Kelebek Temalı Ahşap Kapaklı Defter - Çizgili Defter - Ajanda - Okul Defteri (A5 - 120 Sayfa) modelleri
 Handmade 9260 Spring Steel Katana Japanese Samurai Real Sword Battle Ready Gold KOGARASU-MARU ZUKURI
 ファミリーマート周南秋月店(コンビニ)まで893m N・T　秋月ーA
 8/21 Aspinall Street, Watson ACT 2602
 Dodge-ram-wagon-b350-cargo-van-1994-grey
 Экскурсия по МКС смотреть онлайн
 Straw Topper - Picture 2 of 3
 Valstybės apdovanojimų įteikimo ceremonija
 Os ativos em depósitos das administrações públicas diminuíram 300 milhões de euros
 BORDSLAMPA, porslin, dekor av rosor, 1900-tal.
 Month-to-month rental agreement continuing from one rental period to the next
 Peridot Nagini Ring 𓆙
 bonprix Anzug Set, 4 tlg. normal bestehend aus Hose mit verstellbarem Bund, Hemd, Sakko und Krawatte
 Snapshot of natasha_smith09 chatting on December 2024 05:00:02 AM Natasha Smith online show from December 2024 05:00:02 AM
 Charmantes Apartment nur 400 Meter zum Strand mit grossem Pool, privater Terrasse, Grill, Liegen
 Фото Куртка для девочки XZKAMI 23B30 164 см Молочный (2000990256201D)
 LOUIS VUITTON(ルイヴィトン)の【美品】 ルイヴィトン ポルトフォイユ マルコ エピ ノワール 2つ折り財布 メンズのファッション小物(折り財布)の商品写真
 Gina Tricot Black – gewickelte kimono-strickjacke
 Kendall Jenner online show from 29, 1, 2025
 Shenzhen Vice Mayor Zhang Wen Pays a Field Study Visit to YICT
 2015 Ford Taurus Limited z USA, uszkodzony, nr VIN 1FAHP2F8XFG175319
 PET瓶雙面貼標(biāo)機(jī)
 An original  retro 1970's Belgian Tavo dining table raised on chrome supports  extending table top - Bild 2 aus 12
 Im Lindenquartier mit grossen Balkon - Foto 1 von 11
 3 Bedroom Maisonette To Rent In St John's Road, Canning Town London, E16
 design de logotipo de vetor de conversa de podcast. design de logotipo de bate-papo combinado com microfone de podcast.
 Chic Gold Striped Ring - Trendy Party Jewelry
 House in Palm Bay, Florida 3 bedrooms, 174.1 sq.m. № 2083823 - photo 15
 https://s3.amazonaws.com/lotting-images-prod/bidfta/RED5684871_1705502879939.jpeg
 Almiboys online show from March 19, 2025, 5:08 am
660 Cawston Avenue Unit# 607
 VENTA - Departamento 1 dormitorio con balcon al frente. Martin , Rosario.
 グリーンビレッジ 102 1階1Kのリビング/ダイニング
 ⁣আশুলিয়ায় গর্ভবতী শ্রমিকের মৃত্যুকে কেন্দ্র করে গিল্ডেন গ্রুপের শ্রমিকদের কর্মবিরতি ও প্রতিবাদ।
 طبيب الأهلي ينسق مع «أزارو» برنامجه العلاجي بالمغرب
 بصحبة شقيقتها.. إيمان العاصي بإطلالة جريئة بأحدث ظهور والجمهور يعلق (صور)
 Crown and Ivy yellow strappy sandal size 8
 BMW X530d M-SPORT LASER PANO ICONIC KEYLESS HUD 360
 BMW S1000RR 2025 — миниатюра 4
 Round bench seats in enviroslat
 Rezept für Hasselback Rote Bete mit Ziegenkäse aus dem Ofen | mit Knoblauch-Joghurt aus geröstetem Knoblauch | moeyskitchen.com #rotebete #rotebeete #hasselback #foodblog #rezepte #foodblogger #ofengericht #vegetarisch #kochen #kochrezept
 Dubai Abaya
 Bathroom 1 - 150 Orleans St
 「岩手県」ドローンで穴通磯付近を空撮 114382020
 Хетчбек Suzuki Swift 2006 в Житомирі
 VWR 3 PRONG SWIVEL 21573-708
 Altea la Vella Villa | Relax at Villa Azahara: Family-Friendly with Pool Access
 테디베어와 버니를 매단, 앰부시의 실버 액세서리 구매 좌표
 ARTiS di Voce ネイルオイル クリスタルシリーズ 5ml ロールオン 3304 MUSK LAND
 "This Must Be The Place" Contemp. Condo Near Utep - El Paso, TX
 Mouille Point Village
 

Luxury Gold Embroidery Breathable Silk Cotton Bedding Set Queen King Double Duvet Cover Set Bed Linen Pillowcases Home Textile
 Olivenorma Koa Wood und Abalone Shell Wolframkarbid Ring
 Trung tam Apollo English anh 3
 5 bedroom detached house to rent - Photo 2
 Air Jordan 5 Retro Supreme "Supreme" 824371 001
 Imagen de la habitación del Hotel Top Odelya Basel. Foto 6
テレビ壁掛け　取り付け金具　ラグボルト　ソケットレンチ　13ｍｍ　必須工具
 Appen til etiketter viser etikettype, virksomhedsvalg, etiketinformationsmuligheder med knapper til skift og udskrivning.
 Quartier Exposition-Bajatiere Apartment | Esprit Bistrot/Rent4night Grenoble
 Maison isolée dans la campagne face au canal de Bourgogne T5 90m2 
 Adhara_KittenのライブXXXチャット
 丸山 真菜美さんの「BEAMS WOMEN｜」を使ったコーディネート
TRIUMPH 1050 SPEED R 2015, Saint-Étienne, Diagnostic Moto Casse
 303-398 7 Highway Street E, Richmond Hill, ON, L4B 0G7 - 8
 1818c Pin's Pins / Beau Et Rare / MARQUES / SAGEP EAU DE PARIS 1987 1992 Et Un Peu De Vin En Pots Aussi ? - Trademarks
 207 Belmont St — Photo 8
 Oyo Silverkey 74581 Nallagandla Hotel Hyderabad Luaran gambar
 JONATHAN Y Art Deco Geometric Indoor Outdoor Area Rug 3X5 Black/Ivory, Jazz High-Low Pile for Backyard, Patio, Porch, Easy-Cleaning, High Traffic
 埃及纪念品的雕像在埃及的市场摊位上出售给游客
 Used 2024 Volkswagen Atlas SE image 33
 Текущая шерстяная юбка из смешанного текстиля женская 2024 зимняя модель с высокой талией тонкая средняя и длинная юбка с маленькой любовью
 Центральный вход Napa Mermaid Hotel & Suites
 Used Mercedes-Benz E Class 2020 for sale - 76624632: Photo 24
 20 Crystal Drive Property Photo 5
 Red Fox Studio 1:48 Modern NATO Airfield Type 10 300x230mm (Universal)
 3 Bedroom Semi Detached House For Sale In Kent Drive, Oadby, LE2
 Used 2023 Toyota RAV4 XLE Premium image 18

·····

PROMPT> Using the records above, copy word for word the line with "BMW S1000RR 2025 — миниатюра 4", the line with "Mouille Point Village", and every line between them.

SOLUTION TO THIS EXERCISE>
 BMW S1000RR 2025 — миниатюра 4
 Round bench seats in enviroslat
 Rezept für Hasselback Rote Bete mit Ziegenkäse aus dem Ofen | mit Knoblauch-Joghurt aus geröstetem Knoblauch | moeyskitchen.com #rotebete #rotebeete #hasselback #foodblog #rezepte #foodblogger #ofengericht #vegetarisch #kochen #kochrezept
 Dubai Abaya
 Bathroom 1 - 150 Orleans St
 「岩手県」ドローンで穴通磯付近を空撮 114382020
 Хетчбек Suzuki Swift 2006 в Житомирі
 VWR 3 PRONG SWIVEL 21573-708
 Altea la Vella Villa | Relax at Villa Azahara: Family-Friendly with Pool Access
 테디베어와 버니를 매단, 앰부시의 실버 액세서리 구매 좌표
 ARTiS di Voce ネイルオイル クリスタルシリーズ 5ml ロールオン 3304 MUSK LAND
 "This Must Be The Place" Contemp. Condo Near Utep - El Paso, TX
 Mouille Point Village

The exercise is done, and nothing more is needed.